It’s been a long hot summer for many in the UK this year, but where does 2018 stand in comparison to previous record summers?
It already looks certain this summer – June, July and August - is going to be one of the warmest on record for the UK, after prolonged periods of hot weather. The latest mid-month statistics for August suggest the race for the very top spot in terms of temperature is still wide open.
After the third-warmest June and second-warmest July in our official national records dating back to 1910, this year is currently vying with the current record holder, 2006, as the warmest summer for mean temperature (which includes both day and night temperatures). The mean temperature for 2018 is currently at 16.1 °C – that’s exactly the same at this point in August of the record-holding summer of 2006. The final figure for 2006 was 15.8 °C.
Even if temperatures are around or below average for the rest of meteorological summer (through to the end of August), this year is likely to finish in the top five. As of 15 August 2018, the mean UK temperature for this month is currently 16.3 °C – this compares with a long term average for August of 14.9 °C.
The record mean temperature for August was 17.3 degrees in 1995. Although the mid-month figure is some way short of this – currently August 2018 stands as the eighth-warmest on record – the consistently warm weather throughout June, July and August raises the prospect of more notable ranking of average temperature for the summer as a whole.

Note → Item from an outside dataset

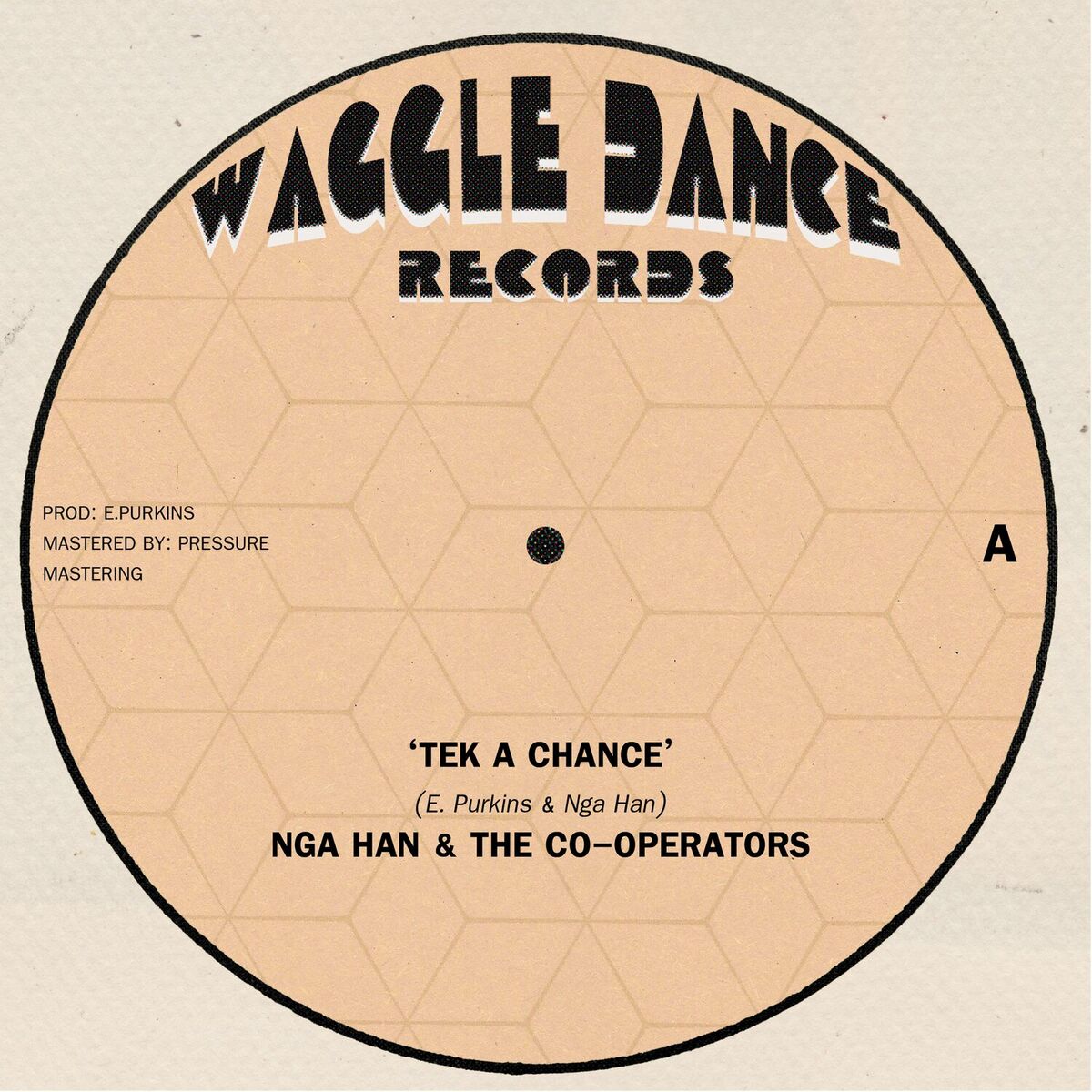 Album cover of Tek a Chance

Usually we will only quote statistics to the nearest 0.1 °C, but it is worth noting that the top three warmest summers for mean temperature are separated by just 0.01 °C – with 2006 at 15.78 °C, while 2003 and 1976 are tied in joint second at 15.77 °C .

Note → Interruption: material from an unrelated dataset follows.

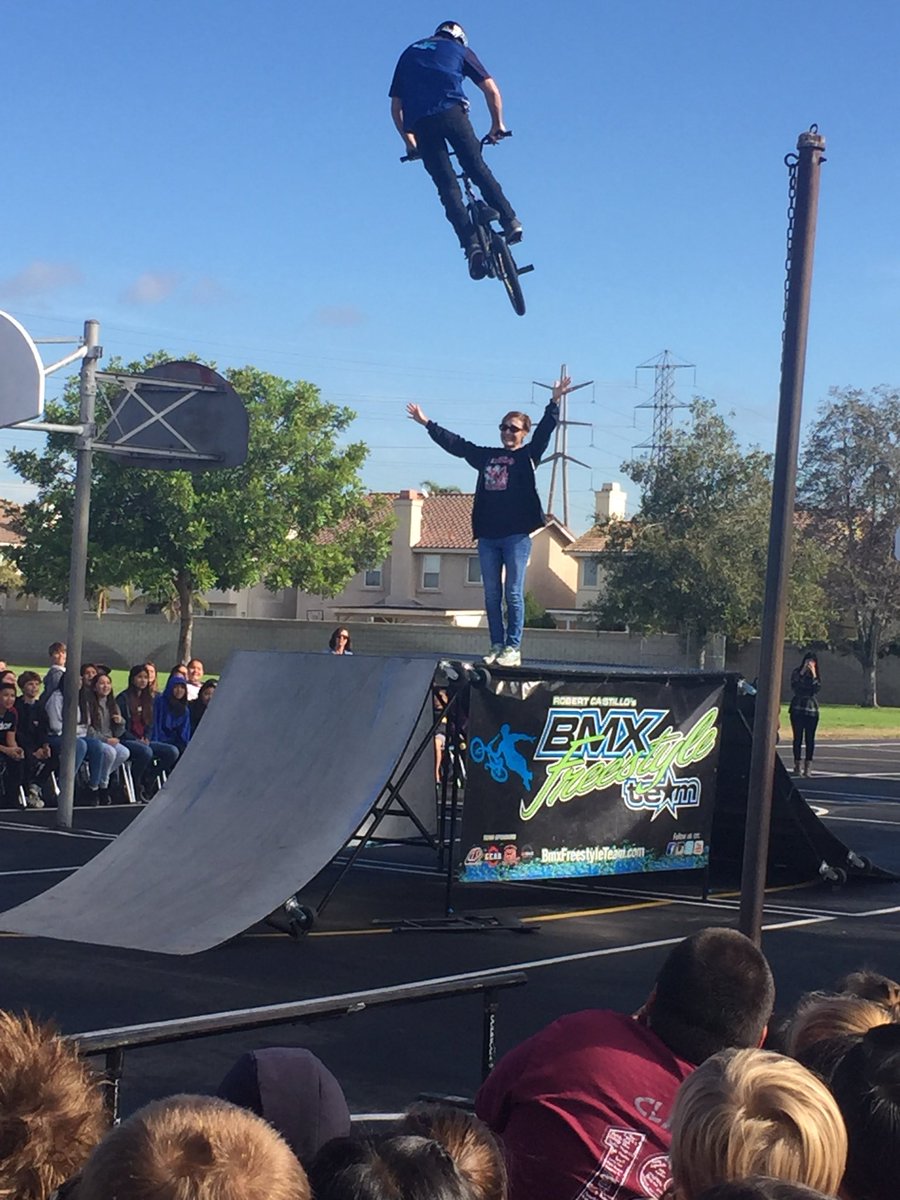 bmx freestyle team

The picture is a bit clearer when looking at average maximum temperature, where 1976 is the record holder with 21.0 °C, which is more comfortably ahead of 1995 in second place with 20.6 °C.
By this measure this year is vying with 1976 for the top spot – at present the average maximum figure for 2018 stands at 21.1 °C. How the rest of this August pans out will have an effect on the final standings, but 2018 is almost certain to be one of the hottest on this measure as well.
Dr Mark McCarthy, Head of the Met Office National Climate Information Centre, explains: “Looking at maximum temperatures might seem to chime more with our perceptions, as our memories tend to focus on those hot days when the temperatures really peaked, rather than the mild nights.
“However, by including night and daytime temperatures, the mean temperature measure gives a fuller picture of what the UK climate is doing. On this measure it’s clear that the meteorological summer of 2018 is exceptional, simply for the consistent levels of warmth seen throughout the period so far.”
As you can see in the ‘Summer Maximum’ graph, this year is currently warmer than 1976 – but that summer saw a warm spell in August which is likely to bring it back in contention. It remains to be seen whether this August will be cool or warm, so it’s impossible to say which year will end up as the record. But it is reasonably safe to say that this year will be amongst the warmest.
Looking at the first half of August 2018 itself, it’s clear that although temperatures throughout the UK have been warmer than average, it is England that has seen the most pronounced effects – particularly the South East and East Anglia. If East Anglia’s daily maximum temperature remains at its current level of 25.2 °C it would easily be the hottest on record, beating 1997’s 25.1 °C. However, on the mean temperature measure it is currently – at 19.4 °C - some way off the 19.9 °C set in 1997.